-------- Material provided --------

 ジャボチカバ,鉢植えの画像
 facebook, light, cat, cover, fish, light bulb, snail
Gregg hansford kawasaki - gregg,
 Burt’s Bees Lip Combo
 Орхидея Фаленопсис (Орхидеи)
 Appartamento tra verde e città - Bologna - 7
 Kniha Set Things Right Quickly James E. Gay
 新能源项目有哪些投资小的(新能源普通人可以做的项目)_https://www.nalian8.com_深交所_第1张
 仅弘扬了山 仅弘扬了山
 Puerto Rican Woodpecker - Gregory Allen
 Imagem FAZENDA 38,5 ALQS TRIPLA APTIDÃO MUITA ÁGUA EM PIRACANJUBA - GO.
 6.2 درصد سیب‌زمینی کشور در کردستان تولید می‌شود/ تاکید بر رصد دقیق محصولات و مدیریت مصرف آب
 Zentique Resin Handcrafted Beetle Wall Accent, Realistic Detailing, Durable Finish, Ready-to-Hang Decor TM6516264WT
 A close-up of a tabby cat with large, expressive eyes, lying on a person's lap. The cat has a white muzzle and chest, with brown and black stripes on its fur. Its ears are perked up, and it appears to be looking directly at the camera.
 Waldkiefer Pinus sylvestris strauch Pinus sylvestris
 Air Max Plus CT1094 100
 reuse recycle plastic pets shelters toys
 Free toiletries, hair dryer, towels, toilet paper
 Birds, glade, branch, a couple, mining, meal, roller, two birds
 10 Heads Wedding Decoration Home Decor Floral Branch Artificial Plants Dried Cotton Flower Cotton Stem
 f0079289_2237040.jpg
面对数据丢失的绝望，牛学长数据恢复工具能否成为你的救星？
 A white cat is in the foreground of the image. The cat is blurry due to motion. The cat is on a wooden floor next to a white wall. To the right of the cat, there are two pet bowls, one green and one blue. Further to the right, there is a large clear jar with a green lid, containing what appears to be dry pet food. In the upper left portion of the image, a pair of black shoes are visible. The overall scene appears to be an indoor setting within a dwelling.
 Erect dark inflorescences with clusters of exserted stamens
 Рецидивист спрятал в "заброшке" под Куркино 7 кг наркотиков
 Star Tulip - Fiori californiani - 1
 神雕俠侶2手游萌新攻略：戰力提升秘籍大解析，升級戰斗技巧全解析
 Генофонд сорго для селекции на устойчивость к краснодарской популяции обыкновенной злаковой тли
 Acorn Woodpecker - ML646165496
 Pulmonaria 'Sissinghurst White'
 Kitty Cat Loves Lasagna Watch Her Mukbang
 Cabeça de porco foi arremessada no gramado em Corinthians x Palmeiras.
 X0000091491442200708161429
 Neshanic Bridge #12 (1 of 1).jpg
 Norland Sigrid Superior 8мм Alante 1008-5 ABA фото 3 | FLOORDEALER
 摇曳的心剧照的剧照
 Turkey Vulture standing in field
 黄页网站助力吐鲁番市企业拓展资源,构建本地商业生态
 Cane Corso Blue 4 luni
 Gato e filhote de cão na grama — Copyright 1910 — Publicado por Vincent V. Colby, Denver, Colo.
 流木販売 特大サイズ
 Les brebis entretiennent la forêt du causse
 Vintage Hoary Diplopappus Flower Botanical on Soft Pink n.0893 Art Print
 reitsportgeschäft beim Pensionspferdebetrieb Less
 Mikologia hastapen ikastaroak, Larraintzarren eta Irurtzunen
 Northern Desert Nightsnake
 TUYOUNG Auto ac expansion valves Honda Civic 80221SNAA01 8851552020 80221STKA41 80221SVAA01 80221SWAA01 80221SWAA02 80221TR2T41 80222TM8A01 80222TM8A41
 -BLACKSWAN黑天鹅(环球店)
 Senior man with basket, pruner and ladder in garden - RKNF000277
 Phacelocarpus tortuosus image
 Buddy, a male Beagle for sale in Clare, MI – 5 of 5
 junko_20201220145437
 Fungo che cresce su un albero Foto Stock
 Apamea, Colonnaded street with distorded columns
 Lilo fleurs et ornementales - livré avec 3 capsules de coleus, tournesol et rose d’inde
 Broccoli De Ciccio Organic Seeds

--------

The string "Flower" may appear in lines of the entries above. Say how many such lines there are, as a number only.

* Solution *
2